Fictional character in some of Roald Dahl's books

"Muggle-Wump" the monkey is a fictional character in some of Roald Dahl's books for children, and "the Muggle-Wumps" are his family. A Muggle-Wump appears in The Enormous Crocodile and there is a Muggle-Wump with a family in The Twits. A Muggle-Wump lookalike (shown in Quentin Blake's illustrations) appears in The Giraffe and the Pelly and Me. The first two stories have him almost as a symbol of retribution to the antagonists of the overall tale, whereas in the last one he is happy and safe.

His family members are the Muggle-Wumps. They appear in The Twits.
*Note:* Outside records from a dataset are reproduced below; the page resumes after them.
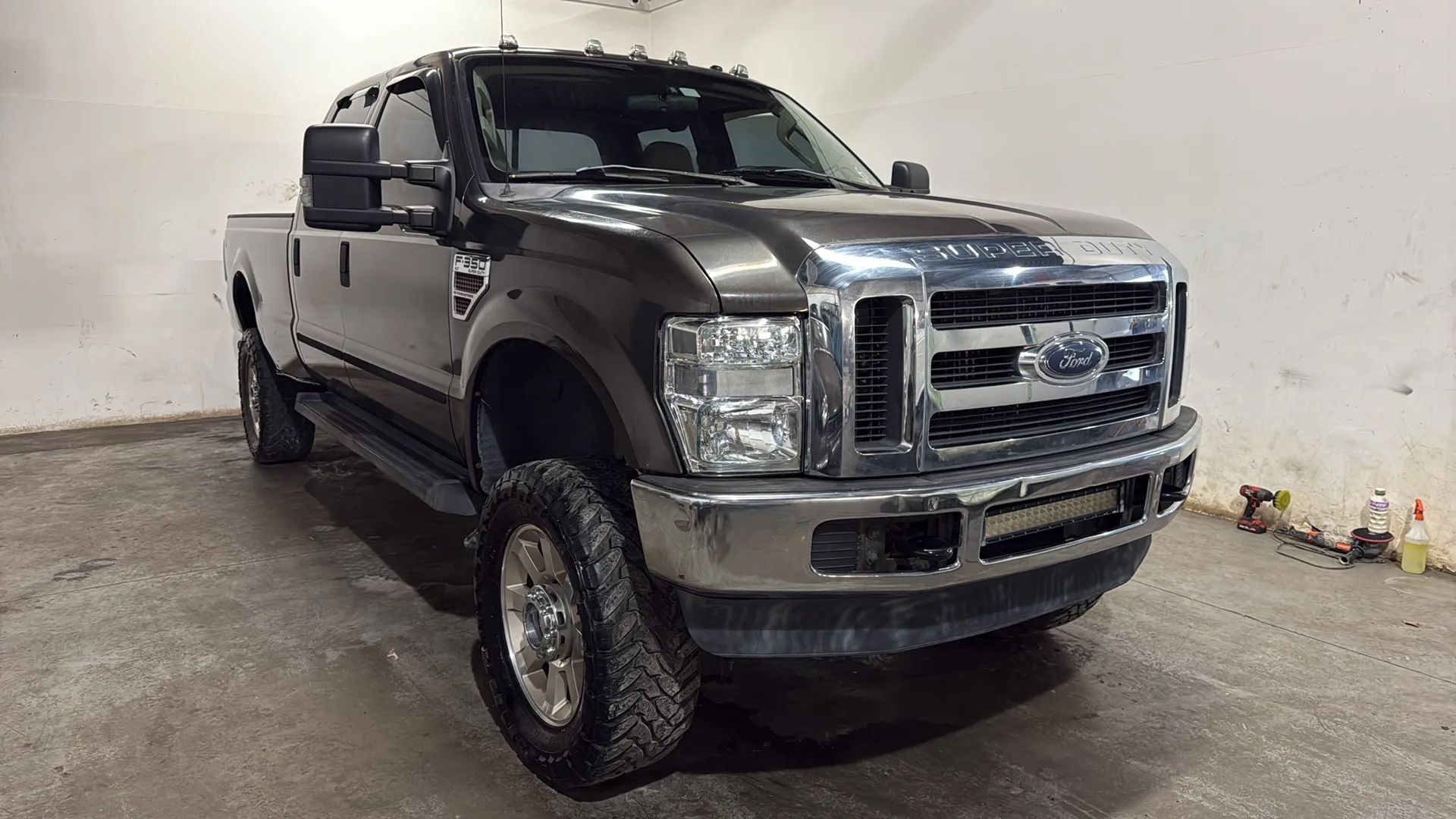 2008 Ford F-350 Super Duty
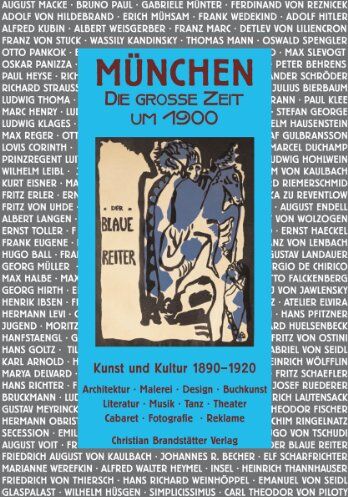 Rainer Metzger - München - Die große Zeit um 1900: Kunst und Kultur 1890-1920 - Preis vom 14.10.2026 23:07:16 h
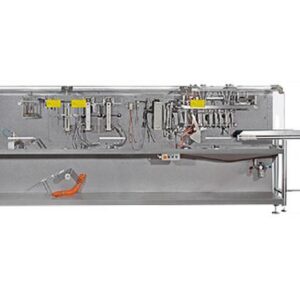 Mашина для упаковки в дойпак с зип-застежкой DS-140SZ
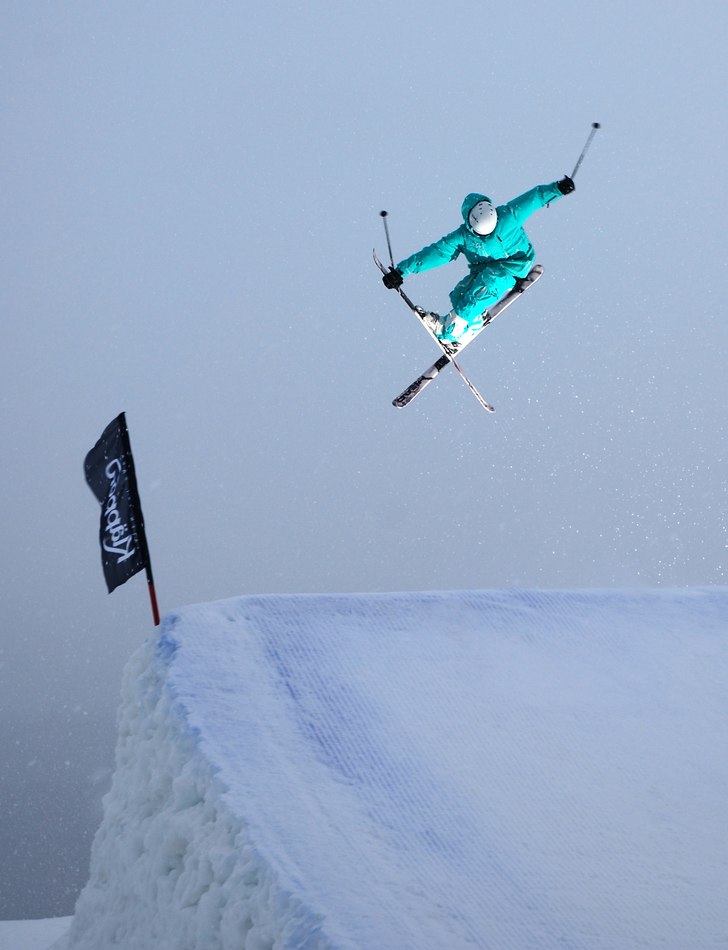 Snurr med grab. Foto: Mange Karlsson. Åkare: Anton Jansson.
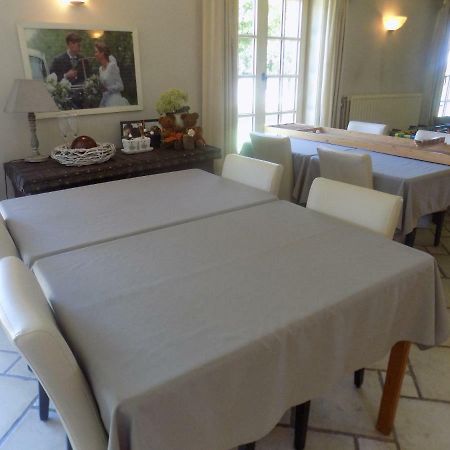 בלנקנברג B&B De Polderhoeve מראה חיצוני תמונה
== The Enormous Crocodile ==

The Muggle-Wump of The Enormous Crocodile, after reasoning with the wily reptile that it is wrong to eat little children, loses his temper and very nearly his life when the Crocodile bites into his tree to catch him. He gets revenge, however, by following the Enormous Crocodile and thwarting his chances at catching a child when they are about to come near him. In doing this he angers the Enormous Crocodile into wanting to eat more children, only to be thwarted by the Roly-Poly Bird (another recurring character in Dahl's books) and Trunky the Elephant who hurls the Enormous Crocodile into the sun, killing him.

== The Twits ==

The Muggle-Wump in this story has a wife and children, and is subject to animal cruelty at the hands of Mr. and Mrs. Twit, two retired circus trainers. They force the Muggle-Wumps to balance on their heads, one on top of the other, or else stand and walk on their hands, all at the peril of feeling Mrs. Twit's "beastly [walking-]stick". Mr. Twit smears the Dead Tree with glue to trap birds for his favourite dish of bird pie. When the monkeys shout warnings, the birds do not understand their language and so are always caught by Mr. and Mrs. Twit.
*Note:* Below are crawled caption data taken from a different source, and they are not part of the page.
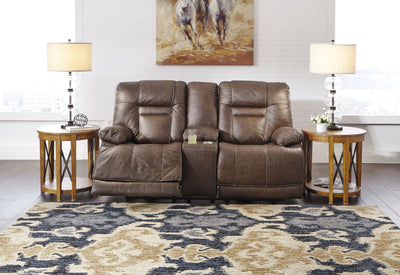 Wurstrow - Umber - Dream Furniture Outlet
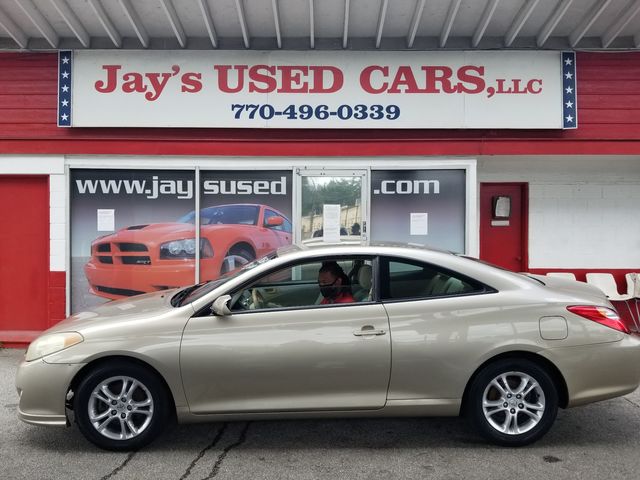 2005 Toyota Camry Solara SE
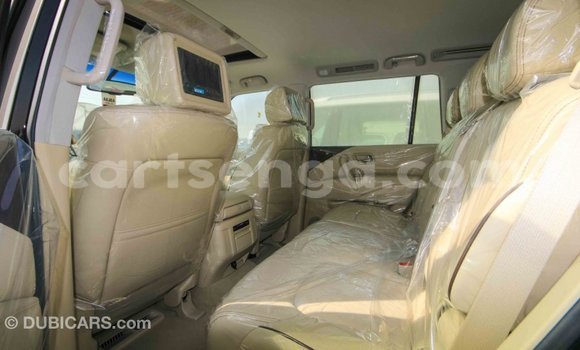 Buy Import Nissan Patrol Black Car in Import - Dubai in Hhohho Buy Import Nissan Patrol Black Car in Import - Dubai in Hhohho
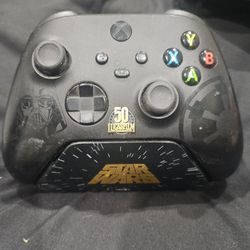 Star Wars Limited Edition Xbox One Controller 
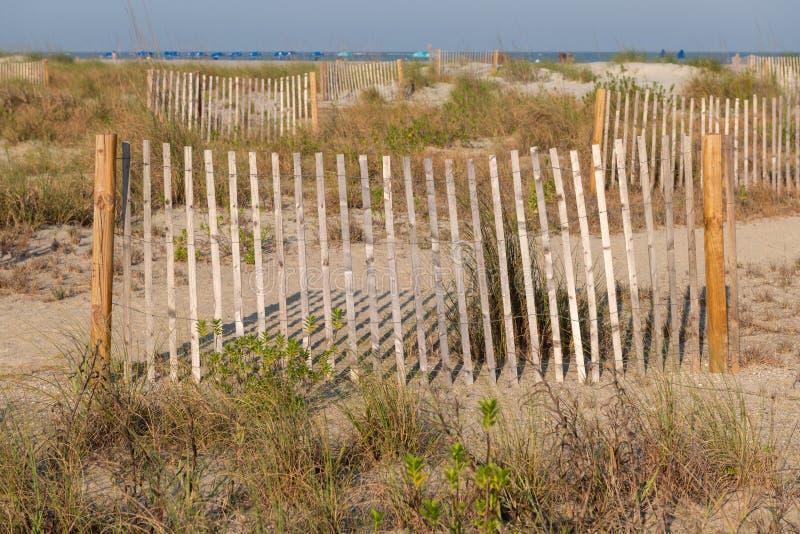Maintaining Your Fence in Sandy Environments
He is assisted by the Roly-Poly Bird, a friend of Muggle-Wump who is holidaying in England. The Roly-Poly Bird can speak both the African language of the monkeys and the English of the native birds. The Muggle-Wumps rescue the latter and escape from their cage whilst the Twits are away. The monkeys and the birds attach all the Twits' living-room furniture to the ceiling with the sticky glue used by Mr. Twit. They then, on the Twits' return, have two birds drop some glue onto the couple's heads. Upon entering their house, the Twits presume that their living room has turned upside down and that they must therefore be standing on the ceiling, so they stand on their heads and become stuck. Muggle-Wump and his family are then able to return home with the help of the Roly-Poly Bird, who flies them all the way back to Africa, presumably to live happily ever after.

=== The Muggle-Wumps ===
The Muggle-Wumps are the family of the Muggle-Wump in the story. They consist of Muggle-Wump's wife and their two children.

== The Giraffe and the Pelly and Me ==

Possibly not a Muggle-Wump at all, but said to resemble them, this monkey is referred to in the title "The Giraffe and the Pelly and Me". He is a window-washer by trade, and has a very good working relationship with his partners: the Giraffe whose neck can stretch out to any length, and the Pelican ("Pelly"), the top half of whose bill can collapse inwards like a tape-measure. The Giraffe is the ladder, the Pelican (with his deeply pouched bill) is the bucket for the water, and the monkey cleans the windows with a cloth. He is also an adept singer and dancer.

Whilst he is working for the Duke of Hampshire, the Monkey and the Giraffe notice an armed burglar stealing the Duchess' jewellery, whereupon the Pelican traps the thief in the pouch of his enormous bill and later gives him to the police. The Duke then allows the monkey and his friends to live on the grounds of his wealthy estate, and their house is reverted into its former function: a sweetshop, much to the delight of the narrator. The monkey then closes the story with a song.